Here is a complete example:

>>> import numpy as np
>>> from phy.cluster.manual import Clustering
>>> clustering = Clustering(np.arange(5))
>>> @clustering.connect
... def on_cluster(up):
...     print("A %s just occurred." % up.description)
>>> up = clustering.merge([0, 1, 2])
A merge just occurred.
>>> clustering.cluster_ids
array([3, 4, 5])
>>> for key, val in up.items():
...     print(key, "=", val)
deleted = [0, 1, 2]
added = [5]
descendants = [(0, 5), (1, 5), (2, 5)]
spike_ids = [0 1 2]
metadata_value = None
description = merge
metadata_changed = []
undo_state = None
history = None

Cluster metadata

The ClusterMeta class implement the logic of assigning metadata to every cluster (for example, a cluster group) as a succession of undoable operations.

Here is an example.

>>> from phy.cluster import ClusterMeta
>>> cm = ClusterMeta()
>>> cm.add_field('group', default_value='unsorted')
>>> cm.get('group', 3)
>>> cm.set('group', 3, 'good')
<metadata_group [3] => good>
>>> cm.set('group', 3, 'bad')
<metadata_group [3] => bad>
>>> cm.get('group', 3)
>>> cm.undo()
<metadata_group (undo) [3] => bad>
>>> cm.get('group', 3)

You can import and export data from a dictionary using the to_dict() and from_dict() methods.

>>> cm.to_dict('group')
{3: 'good'}


There are several views typically associated with manual clustering operations.

Waveform view

The waveform view displays action potentials across all channels, following the probe geometry.

Feature view

The feature view shows the principal components of spikes across multiple dimensions.

Trace view

The trace view shows the continuous traces from multiple channels with spikes superimposed.
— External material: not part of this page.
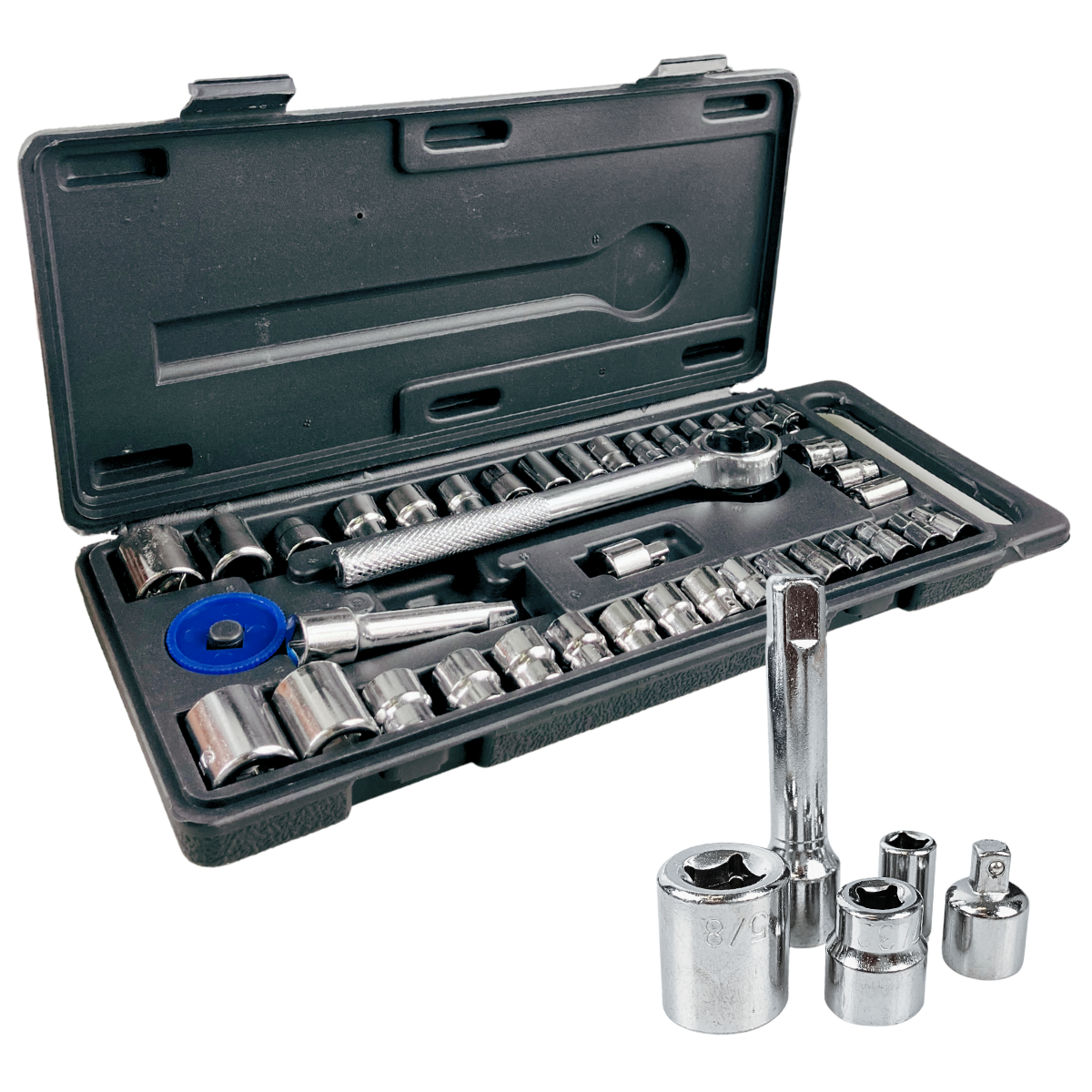 40 Pc 3/8, 1/4 Inch Drive SAE and MM Socket Set  - TP-02340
The spikes are in white except those belonging to the selected clusters, which are in the colors of the clusters.

Correlogram view

The correlogram view computes and shows all pairwise correlograms of a set of clusters.

Scatter view

The scatter view accepts a n_spikes-long array y and displays a scatter plot (t, y) for a selection of spikes belonging to the selected clusters.

Manual clustering GUI component

The ManualClustering component encapsulates all the logic for a manual clustering GUI:

  • cluster views
  • selection of clusters
  • navigation with a wizard
  • clustering actions: merge, split, undo stack
  • moving clusters to groups

Create an object with mc = ManualClustering(spike_clusters, spikes_per_cluster) where spike_clusters is an array and spikes_per_cluster is a function cluster => spikes. Then you can attach it to a GUI to bring manual clustering facilities to the GUI: mc.attach(gui). This adds the manual clustering actions and the two tables to the GUI: the cluster view and the similarity view.

The main objects are the following:

  • mc.clustering: a Clustering instance
  • mc.cluster_meta: a ClusterMeta instance
  • mc.cluster_view: the cluster view (derives from Table)
  • mc.similarity_view: the similarity view (derives from Table)
  • mc.actions: the clustering actions (instance of Actions)

Cluster and similarity view

The cluster view shows the list of all clusters with their ids, while the similarity view shows the list of all clusters sorted by decreasing similarity wrt the currently-selected clusters in the cluster view.

You can add a new column in both views as follows:

>>> @mc.add_column
... def n_spikes(cluster_id):
...     return mc.clustering.spike_counts[cluster_id]

The similarity view has an additional column compared to the cluster view: similarity with respect to the currently-selected clusters in the cluster view.

See also the following methods:

  • mc.set_default_sort(name): set a column as default sort in the quality cluster view

Cluster selection

The ManualClustering instance is responsible for the selection of the clusters.

  • select some clusters
  • mc.selected: list of currently-selected clusters

When the selection changes, the attached GUI raises the select(cluster_ids, spike_ids) event.

Other events are cluster(up) when a clustering action occurs, and request_save(spike_clusters, cluster_groups) when the user wants to save the results of the manual clustering session.